Transcribe, verbatim, every line from the start of the entries through the line that contains "a shot of the"; include both boundary lines and omit all others.
BEGIN SOURCE INFORMATION
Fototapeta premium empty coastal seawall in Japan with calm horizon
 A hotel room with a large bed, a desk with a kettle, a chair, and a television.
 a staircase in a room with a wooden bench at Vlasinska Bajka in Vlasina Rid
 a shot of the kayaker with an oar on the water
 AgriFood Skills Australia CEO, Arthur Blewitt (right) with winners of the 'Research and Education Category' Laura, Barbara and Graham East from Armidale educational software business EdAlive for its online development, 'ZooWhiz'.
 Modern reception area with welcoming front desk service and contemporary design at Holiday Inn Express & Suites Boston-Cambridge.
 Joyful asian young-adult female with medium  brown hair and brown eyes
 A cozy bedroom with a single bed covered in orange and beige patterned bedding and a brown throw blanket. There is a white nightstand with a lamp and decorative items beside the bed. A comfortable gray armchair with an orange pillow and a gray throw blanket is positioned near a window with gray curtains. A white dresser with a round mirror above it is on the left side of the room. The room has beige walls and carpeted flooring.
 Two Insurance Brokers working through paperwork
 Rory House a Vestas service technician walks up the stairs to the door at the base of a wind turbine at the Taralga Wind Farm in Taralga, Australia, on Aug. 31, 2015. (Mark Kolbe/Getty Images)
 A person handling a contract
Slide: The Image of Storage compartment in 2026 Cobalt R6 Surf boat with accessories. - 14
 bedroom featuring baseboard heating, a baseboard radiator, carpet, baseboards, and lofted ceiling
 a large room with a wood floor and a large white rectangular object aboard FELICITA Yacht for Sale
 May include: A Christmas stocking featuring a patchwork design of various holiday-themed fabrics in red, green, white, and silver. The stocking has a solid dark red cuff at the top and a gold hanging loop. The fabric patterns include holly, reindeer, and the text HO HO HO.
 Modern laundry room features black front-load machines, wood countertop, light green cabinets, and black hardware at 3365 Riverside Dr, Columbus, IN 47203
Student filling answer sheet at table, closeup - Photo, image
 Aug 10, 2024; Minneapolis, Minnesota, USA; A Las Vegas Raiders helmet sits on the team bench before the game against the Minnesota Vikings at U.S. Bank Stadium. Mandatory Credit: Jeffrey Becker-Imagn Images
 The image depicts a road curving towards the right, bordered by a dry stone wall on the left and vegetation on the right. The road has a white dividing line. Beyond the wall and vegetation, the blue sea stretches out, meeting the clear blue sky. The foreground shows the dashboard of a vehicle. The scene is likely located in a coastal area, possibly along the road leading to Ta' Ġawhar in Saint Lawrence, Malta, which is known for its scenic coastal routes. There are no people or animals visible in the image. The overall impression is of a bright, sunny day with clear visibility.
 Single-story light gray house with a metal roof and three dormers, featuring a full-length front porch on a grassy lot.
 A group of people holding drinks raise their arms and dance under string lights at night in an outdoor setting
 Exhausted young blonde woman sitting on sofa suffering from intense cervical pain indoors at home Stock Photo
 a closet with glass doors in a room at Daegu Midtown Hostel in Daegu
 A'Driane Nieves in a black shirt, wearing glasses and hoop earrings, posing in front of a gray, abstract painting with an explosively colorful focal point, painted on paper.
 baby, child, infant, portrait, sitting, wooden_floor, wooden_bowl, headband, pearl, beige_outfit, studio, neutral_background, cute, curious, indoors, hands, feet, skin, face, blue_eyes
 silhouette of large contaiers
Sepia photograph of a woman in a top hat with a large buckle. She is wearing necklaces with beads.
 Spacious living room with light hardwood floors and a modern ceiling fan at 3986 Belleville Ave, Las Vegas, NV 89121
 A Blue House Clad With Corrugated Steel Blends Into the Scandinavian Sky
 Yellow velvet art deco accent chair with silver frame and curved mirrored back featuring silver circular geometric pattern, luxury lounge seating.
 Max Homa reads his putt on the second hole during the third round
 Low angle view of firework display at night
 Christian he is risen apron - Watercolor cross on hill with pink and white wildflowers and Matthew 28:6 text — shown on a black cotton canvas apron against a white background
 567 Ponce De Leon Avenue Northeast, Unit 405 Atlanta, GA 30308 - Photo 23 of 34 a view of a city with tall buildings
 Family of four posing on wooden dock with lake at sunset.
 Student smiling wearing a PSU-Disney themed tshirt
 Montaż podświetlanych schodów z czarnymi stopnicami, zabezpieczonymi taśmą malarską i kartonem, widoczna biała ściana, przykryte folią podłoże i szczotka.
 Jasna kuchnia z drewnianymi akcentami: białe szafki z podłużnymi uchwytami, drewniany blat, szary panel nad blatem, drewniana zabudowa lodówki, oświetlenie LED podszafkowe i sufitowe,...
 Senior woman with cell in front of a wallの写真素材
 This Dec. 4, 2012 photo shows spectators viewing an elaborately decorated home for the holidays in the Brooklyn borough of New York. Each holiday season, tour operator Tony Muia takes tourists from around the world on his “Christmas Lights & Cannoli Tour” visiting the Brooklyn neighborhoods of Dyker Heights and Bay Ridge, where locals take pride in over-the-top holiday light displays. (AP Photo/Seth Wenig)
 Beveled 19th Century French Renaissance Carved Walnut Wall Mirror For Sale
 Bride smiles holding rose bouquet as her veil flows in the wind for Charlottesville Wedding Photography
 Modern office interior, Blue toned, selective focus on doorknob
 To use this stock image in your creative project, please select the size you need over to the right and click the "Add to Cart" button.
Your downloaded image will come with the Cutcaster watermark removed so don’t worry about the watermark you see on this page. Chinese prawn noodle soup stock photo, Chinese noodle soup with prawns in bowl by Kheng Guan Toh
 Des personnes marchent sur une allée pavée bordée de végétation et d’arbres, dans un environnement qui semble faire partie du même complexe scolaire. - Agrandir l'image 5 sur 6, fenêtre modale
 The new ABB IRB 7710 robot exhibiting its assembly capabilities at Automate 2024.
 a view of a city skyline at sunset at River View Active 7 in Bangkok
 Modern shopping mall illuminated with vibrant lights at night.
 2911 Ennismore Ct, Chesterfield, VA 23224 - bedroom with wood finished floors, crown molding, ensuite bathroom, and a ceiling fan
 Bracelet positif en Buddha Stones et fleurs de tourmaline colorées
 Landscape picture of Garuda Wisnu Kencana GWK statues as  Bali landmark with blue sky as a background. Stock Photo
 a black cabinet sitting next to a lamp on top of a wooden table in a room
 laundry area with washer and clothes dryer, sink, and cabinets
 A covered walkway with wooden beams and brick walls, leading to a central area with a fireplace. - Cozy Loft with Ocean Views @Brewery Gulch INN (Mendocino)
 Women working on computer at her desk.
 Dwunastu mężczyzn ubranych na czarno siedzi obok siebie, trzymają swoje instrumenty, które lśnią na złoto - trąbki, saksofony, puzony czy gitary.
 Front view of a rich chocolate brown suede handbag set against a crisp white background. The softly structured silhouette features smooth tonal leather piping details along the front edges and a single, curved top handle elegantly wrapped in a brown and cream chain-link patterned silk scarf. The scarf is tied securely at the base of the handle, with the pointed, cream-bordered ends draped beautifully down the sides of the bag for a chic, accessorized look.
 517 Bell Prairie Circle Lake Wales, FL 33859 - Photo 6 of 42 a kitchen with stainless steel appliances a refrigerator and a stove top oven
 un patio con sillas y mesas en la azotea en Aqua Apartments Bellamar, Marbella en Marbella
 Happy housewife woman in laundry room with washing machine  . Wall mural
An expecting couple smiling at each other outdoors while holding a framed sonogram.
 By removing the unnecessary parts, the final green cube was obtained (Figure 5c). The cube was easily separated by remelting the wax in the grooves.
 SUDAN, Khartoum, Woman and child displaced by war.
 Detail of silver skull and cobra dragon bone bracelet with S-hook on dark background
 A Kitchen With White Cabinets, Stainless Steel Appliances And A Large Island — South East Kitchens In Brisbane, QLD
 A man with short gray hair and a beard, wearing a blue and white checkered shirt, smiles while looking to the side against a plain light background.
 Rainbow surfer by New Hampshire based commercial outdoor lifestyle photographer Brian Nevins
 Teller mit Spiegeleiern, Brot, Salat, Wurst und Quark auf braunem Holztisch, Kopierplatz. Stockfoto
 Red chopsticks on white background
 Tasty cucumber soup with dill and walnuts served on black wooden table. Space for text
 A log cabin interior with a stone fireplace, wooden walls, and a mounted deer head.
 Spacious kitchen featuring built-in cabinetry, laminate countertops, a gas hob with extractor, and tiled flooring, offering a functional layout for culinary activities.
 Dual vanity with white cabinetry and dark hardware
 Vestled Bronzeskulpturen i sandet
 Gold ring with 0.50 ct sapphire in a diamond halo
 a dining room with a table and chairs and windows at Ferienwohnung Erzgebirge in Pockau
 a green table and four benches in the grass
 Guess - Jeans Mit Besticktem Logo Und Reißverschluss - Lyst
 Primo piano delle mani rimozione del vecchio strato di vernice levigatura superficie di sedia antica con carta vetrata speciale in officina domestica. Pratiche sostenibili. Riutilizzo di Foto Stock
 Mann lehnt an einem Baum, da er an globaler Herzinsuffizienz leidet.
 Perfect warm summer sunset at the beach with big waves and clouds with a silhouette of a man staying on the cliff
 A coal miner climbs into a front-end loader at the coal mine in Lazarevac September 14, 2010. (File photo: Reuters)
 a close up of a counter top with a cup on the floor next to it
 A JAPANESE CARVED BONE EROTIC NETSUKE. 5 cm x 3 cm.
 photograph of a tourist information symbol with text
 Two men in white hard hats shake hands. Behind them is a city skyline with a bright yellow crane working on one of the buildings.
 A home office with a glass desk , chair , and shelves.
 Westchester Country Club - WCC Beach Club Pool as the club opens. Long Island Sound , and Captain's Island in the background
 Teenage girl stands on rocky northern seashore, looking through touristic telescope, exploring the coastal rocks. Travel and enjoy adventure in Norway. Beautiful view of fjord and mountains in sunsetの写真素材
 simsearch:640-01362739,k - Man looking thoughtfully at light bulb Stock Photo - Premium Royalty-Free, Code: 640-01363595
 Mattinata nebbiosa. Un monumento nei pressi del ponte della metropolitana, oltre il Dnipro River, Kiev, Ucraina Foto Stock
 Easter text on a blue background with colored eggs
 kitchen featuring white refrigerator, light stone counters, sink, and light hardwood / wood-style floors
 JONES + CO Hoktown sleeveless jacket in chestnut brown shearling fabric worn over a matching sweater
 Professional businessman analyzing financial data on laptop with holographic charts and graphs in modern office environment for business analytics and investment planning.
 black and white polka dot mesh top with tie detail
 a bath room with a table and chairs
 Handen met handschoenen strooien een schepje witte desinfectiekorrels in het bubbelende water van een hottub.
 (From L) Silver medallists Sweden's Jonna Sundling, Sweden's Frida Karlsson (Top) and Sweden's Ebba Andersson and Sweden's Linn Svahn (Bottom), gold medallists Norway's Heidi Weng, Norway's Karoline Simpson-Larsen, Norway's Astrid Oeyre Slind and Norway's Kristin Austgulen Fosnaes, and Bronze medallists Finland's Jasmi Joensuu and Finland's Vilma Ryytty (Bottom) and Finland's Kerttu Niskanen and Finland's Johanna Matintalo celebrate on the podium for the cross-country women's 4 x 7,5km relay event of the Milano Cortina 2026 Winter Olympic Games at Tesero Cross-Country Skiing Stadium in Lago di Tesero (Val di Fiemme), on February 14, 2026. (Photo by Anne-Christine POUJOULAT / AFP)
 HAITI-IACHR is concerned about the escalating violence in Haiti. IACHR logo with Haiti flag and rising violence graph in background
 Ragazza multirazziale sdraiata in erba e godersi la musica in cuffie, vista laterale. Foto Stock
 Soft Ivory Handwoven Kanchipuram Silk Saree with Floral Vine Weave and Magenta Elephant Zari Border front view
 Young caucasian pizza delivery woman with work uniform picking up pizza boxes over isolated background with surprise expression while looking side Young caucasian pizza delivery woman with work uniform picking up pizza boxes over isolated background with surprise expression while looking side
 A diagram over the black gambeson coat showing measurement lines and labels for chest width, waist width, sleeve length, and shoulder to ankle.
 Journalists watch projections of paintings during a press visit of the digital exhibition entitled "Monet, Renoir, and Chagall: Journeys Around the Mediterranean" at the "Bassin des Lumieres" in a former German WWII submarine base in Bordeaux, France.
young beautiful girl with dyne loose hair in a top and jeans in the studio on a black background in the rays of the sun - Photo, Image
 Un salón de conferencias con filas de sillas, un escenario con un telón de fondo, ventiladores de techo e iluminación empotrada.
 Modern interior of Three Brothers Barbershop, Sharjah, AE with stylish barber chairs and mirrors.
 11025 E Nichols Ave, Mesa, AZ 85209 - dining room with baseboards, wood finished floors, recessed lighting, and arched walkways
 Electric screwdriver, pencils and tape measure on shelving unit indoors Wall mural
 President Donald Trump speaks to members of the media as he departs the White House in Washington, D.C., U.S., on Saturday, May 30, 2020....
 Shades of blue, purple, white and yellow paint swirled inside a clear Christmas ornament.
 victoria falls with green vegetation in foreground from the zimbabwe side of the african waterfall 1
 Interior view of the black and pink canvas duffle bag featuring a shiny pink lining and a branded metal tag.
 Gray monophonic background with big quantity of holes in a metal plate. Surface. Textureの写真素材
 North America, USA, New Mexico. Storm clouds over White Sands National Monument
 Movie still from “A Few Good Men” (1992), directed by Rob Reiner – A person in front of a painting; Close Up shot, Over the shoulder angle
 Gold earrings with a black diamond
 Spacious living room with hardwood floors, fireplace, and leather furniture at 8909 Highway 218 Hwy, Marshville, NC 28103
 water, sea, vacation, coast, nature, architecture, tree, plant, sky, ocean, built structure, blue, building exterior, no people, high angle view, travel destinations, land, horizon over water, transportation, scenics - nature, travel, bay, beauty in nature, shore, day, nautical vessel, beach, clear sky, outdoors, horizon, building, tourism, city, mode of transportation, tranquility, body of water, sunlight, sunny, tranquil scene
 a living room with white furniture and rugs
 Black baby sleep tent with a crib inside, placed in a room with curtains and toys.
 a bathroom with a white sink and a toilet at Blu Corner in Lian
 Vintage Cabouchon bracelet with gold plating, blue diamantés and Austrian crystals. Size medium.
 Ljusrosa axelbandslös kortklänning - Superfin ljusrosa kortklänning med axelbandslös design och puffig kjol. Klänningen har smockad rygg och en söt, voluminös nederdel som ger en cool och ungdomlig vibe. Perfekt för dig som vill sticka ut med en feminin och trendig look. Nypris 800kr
END SOURCE INFORMATION
ANSWER TO THIS TASK:
Fototapeta premium empty coastal seawall in Japan with calm horizon
 A hotel room with a large bed, a desk with a kettle, a chair, and a television.
 a staircase in a room with a wooden bench at Vlasinska Bajka in Vlasina Rid
 a shot of the kayaker with an oar on the water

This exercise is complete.